Given data:
________________

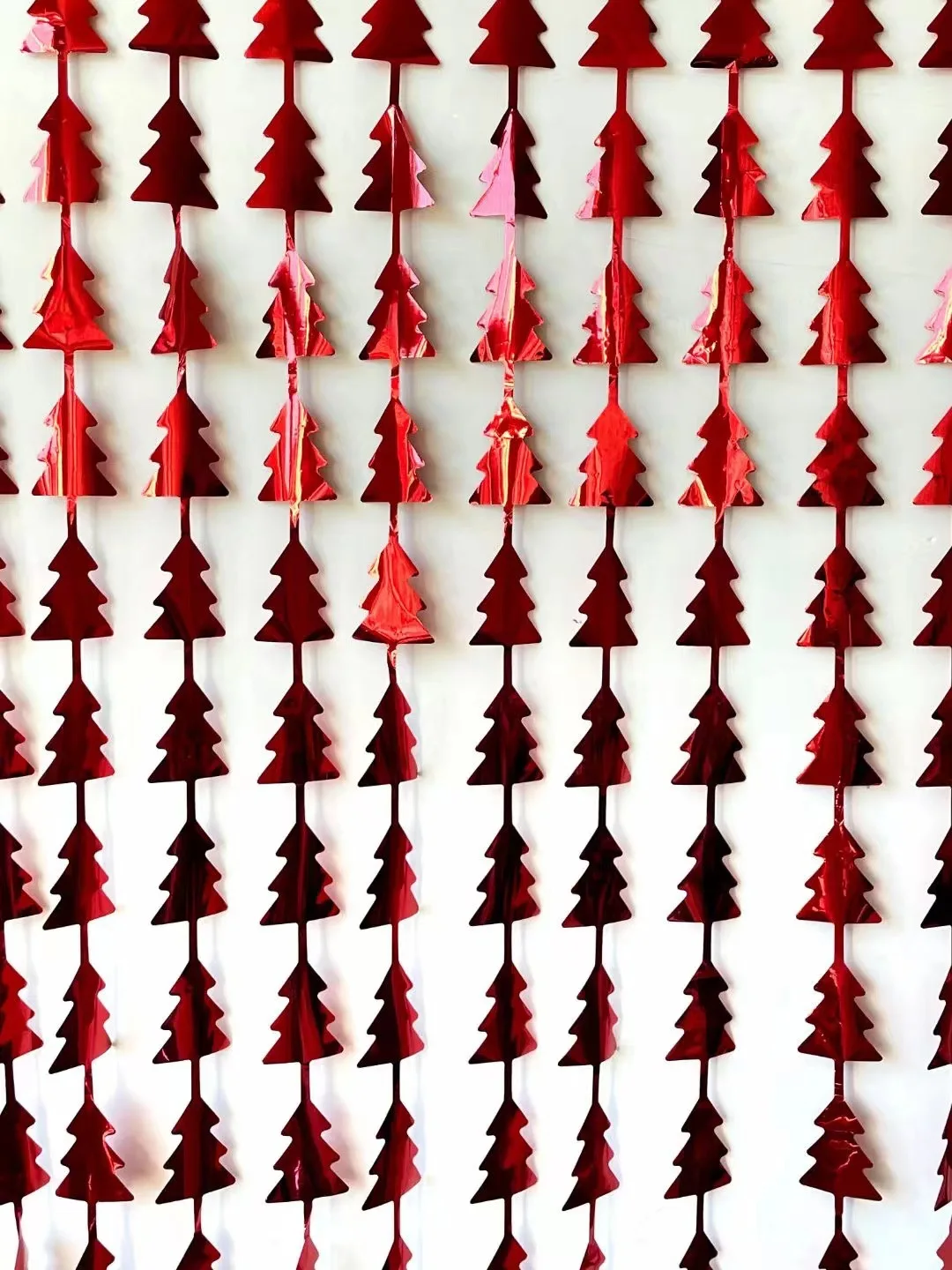Christmas Tree Door Curtain Rain Curtain Birthday Party Bar Party Atmosphere Bobo Balloon Background Decorations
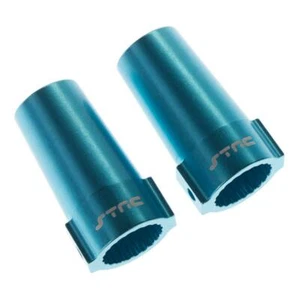ST Racing STA80071B Aluminum Rear Lock-Outs Blue (Blue) STRC : Axial Yeti / Wrai - Picture 1 of 2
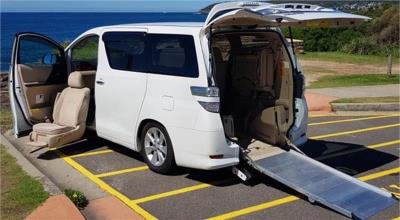 2010 TOYOTA ALPHARD Wheelchair Accessible Vehicle Welcab for sale in Northern Beaches
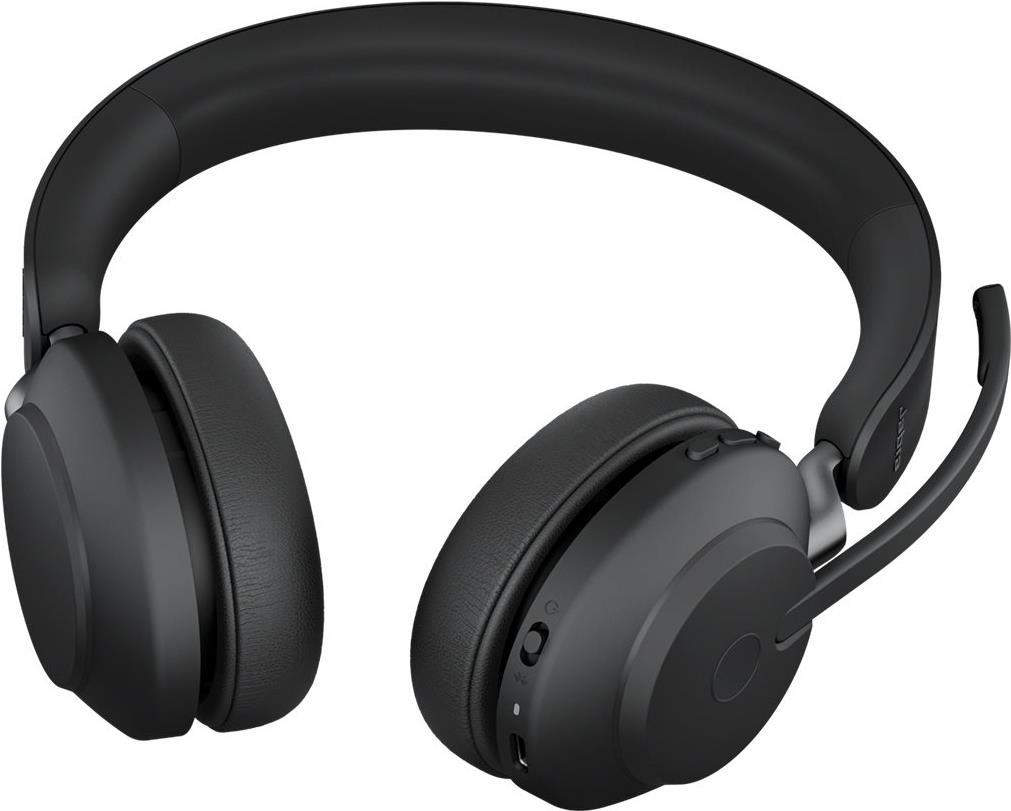Jabra Evolve2 65, UC Stereo Headset mit USB-A Bluetooth Adapter, schwarz (26599-989-999)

________________

Only an exact copy of the lines from the one with "ST Racing STA80071B" through the last line of the data above is wanted, and no pictures.

ST Racing STA80071B Aluminum Rear Lock-Outs Blue (Blue) STRC : Axial Yeti / Wrai - Picture 1 of 2
 2010 TOYOTA ALPHARD Wheelchair Accessible Vehicle Welcab for sale in Northern Beaches
Jabra Evolve2 65, UC Stereo Headset mit USB-A Bluetooth Adapter, schwarz (26599-989-999)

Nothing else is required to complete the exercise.